Enfin, je précise que certaines de mes envolées relèvent de la fiction ! À défaut de prophétiser le devenir du monde moderne, elles soulèvent un certain nombre de questions qui doivent être posées.
Pourquoi sommes-nous tentés de parler aux IA comme à des humains ?
L’illusion de l’écoute et de la compréhension
Ces modèles sont conçus pour générer un langage fluide, cohérent et souvent bienveillant. Leur apparente patience et leur capacité à reformuler nos propos, à réagir avec nuance, donnent le sentiment d’être écouté. Cette illusion cognitive n'est pas anodine : elle s’appuie sur des marqueurs interpersonnels fondamentaux, ancrés dans notre manière d'être.

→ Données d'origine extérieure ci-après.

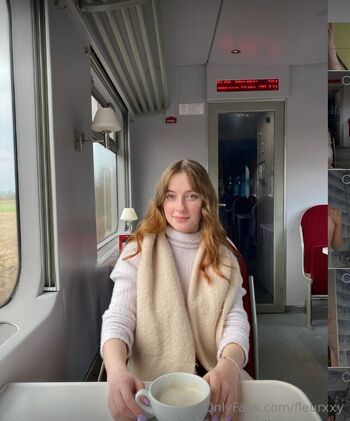 FleurFreePag / fleurxxy nude photo #31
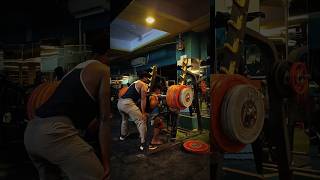 200 KG SQUATS #sqaut #legday #sqatraining #powerliftinggym #powerlifting #motivation #powerful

Nous sommes des animaux sociaux et notre cerveau traite la politesse, la prévenance ou la reformulation comme autant de signes d’attention sincère.
Le leurre de l’empathie
Les IA sont volontairement calibrées pour éviter les formes de communication agressives ou cyniques. Elles renvoient ainsi une image chaleureuse et engageante. Hélas, ce ton n’est pas une preuve d’intelligence relationnelle ou affective, mais un choix de conception (pour des raisons commerciales, assurément). En revanche, ses effets sont indiscutables : le ton des IA flatte notre ego et rassure notre besoin de reconnaissance. Et même en sachant pertinemment que l’on parle à un système probabiliste, il devient difficile de se comporter comme si de rien n'était. D'où les “merci”, parfois les “désolé”, voire les “bonjour” spontanés des utilisateurs.
Le doute sur les réactions des IA face à notre humeur
On peut imaginer (même si ce n'est souvent pas le cas) qu'un système soit conçu pour moduler ses réponses en fonction du style d'interaction humaine. Un LLM pourrait, par exemple, être entraîné pour répondre de manière plus structurée et exhaustive aux utilisateurs courtois. Techniquement, rien ne l’en empêche. Il suffirait d’introduire une couche d’analyse sémantique du ton (par un autre LLM ou un modèle de scoring) et de l’intégrer discrètement au prompt. Un tel traitement, restant invisible pour les utilisateurs et sans intérêt commercial immédiat, demeure tout à fait envisageable dans un contexte expérimental. Il pourrait même constituer un levier subtil pour encourager des interactions plus respectueuses avec notre environnement humain et technologique.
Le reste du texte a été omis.